Chan laughed. “I’m sure you know that’s not all, Mr. Carmody.”
“And if I succeed?” Carmody said.
“No, no, Mr. Carmody, this is not the time to begin a negotiation. You may have been simply following Li Mei’s orders, but at this point you are part of the problem. You want to become part of the solution. So just do as we ask, and if you’re successful…well, let’s just say that then we may be more amenable to whatever you might propose.”
And the voice of a ghost filled the silence in the car.
D
eMarco waited patiently outside the Massachusetts State House on Beacon Street. Denny Cochran should be coming through the building’s doors any moment now. Like Mahoney, Cochran was an alcoholic, and every morning at ten thirty he went to a bar and had breakfast: two eggs over easy, bacon, hash browns, toast— and a boilermaker.
A moment later a man in his sixties wearing a rumpled brown suit exited the building. He wasn’t that short but he seemed shorter than he was because his legs were stumpy and he weighed more than two hundred pounds. His hair was reddish gray and cut short on the sides, and he had the mug of an Irish brawler: a nose smashed flat by more than one fist, fleshy jowls, and a pugnacious, in-your-face chin. His eyes were small and mean and blue.

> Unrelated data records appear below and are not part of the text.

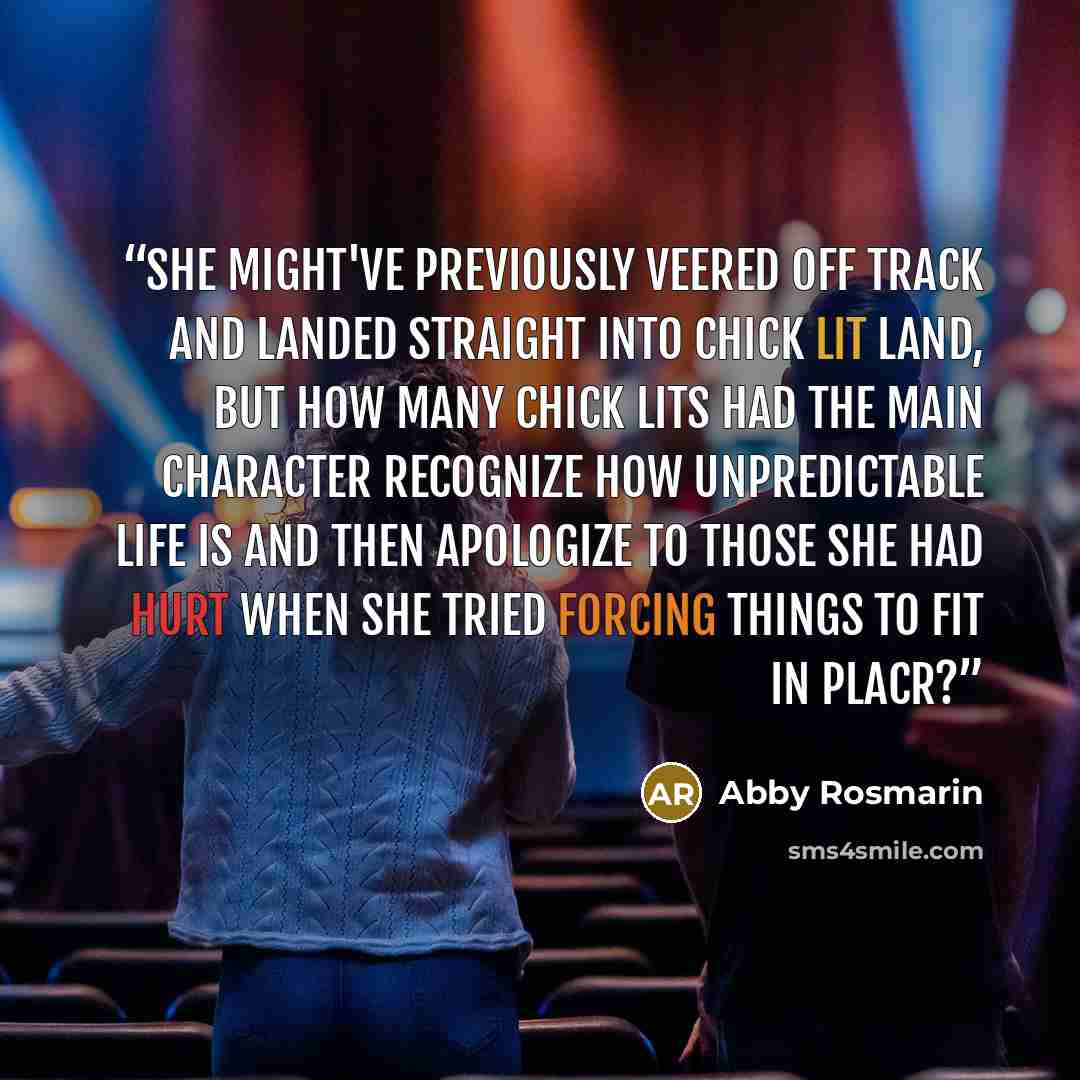 “She might've previously veered off track and landed straight into chick lit land, but how many chick lits had the main character recognize how unpredictable life is and then apologize to those she had hurt when she tried forcing things to fit in placr?” quote by Abby Rosmarin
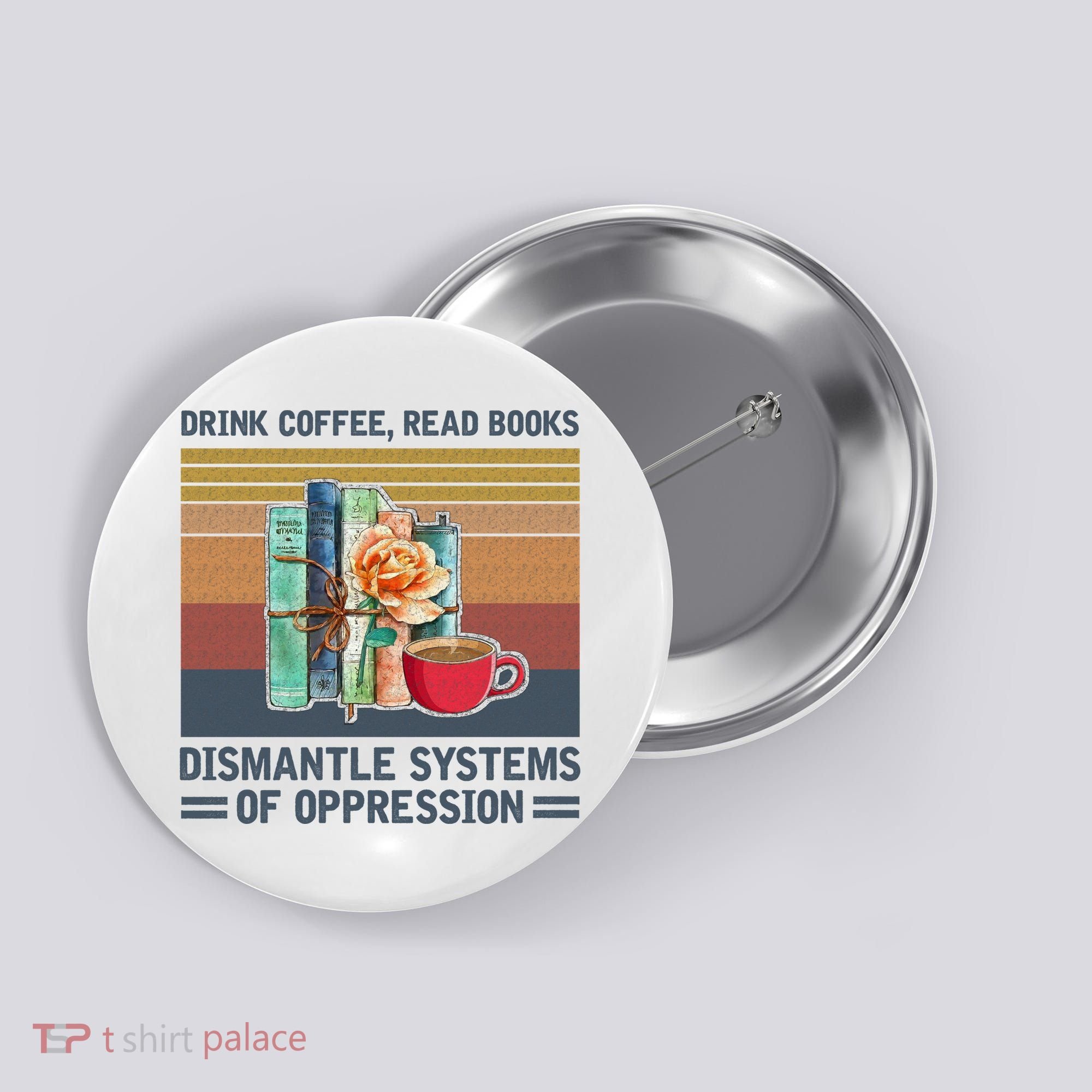 Drink Coffee Read Books Dismantle Systems Of Oppression Button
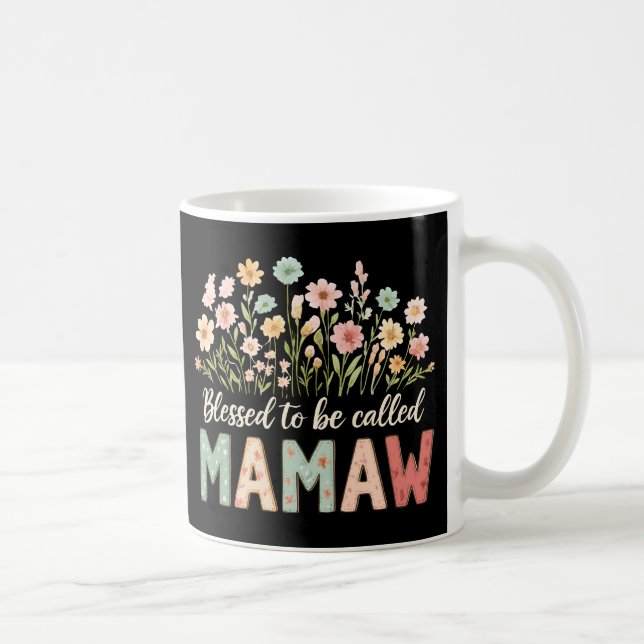 Gesegnet, Mamaw genannt zu werden Kaffeetasse (Rechts)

DeMarco waited until Cochran reached the bottom of the steps before he yelled, “Hey, Denny, c’mere a minute.”
Cochran smiled automatically when he heard his name called— a political facial tic that exposed his teeth. The smile disappeared when he saw the speaker was DeMarco.

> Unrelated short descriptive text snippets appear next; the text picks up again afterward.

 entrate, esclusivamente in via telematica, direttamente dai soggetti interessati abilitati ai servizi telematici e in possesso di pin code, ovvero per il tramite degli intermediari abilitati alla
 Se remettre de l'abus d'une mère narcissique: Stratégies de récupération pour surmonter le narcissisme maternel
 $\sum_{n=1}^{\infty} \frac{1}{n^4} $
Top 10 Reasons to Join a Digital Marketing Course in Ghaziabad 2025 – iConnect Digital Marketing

“What do you want, DeMarco? Mahoney already sent Perry Wallace up here to talk to me, and I’ll tell you the same thing I told him: kiss my fat Irish ass. I’ll vote any fuckin’ way I want to.”
DeMarco nodded his head as if agreeing with Cochran. “Yeah,” he said, “I heard you were real mean to Perry. That wasn’t nice.”

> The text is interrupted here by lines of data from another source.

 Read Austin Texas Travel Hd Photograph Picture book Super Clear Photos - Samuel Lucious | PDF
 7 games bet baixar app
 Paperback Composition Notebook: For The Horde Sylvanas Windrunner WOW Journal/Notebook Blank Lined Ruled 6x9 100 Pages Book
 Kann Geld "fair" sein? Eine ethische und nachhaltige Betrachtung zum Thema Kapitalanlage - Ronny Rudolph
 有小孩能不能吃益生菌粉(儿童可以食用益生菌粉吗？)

“Fuck you, tough guy. What do you think you’re gonna do? Put a bullet in me?”
It always bothered DeMarco when people said things like that to him.
“No, Denny, I’m not gonna do that. What I am gonna do is ask you why you’ve been doin’ what you’ve been doin’, and you’re gonna tell me. You voted against a school lunch program last week, you piece of shit! You know how Mahoney feels about things like that. So tell me who has their hooks into you, Denny, and don’t try to feed me that bullshit you fed Perry.”
“And if I don’t?” Cochran said, looking up at DeMarco, tilting his fleshy chin defiantly.
“Denny, you’re up for reelection next year.”
“You think I don’t know that.”
“You’ve been in this job, what, eighteen years? It’s the only thing you know how to do.”
“I’ll win. I’ve explained to my constituents—”
“Oh, shut up, Denny, just shut up. You know Michael Farleigh?”
“Farleigh, that kid at the DA’s office?”
“Yeah, Denny, that kid. The one who looks like Robert Redford and who’s won every case he’s ever tried.”
“He’d lose money if he took my job,” Denny said.
“Yeah, but he’s rich, Denny. And next week the party’s going to back him for your job. Very strongly. Half a million dollars will be earmarked for his campaign. People all over town are going to start talking about the need for change.”
“I’ll beat him. I got friends everywhere.”
“Yeah, you do, Denny, and they love you because you get them jobs and loan them money and listen to their complaints. And your friends don’t read the paper, except for the sports page, so they don’t know how you’ve been voting lately. But they watch TV, Denny. And half a million can pay for a lot of TV ads, ads that’ll tell all your friends how you’ve gone over to the dark side. And the ads will show pictures of Farleigh with his movie-star smile and his knockout of a wife, and next to him will be a picture of you exiting a bar, looking like the fucking dinosaur that you are.”
“He won’t run,” Cochran said.
“Yes, he will, Denny. He’ll run because Mahoney will ask him to and because Mahoney will promise to make him a congressman in a couple of years— or governor, if he doesn’t want to move to D.C.”
“How come Mahoney never backed me for governor?”
“Get serious, Denny. Now tell me who has their hooks in you, and I’m not going to ask you again.”
Cochran stood there a minute, his stubborn Irish face not giving an inch— then his features crumbled into surrender.
“Let’s go get some breakfast,” he said.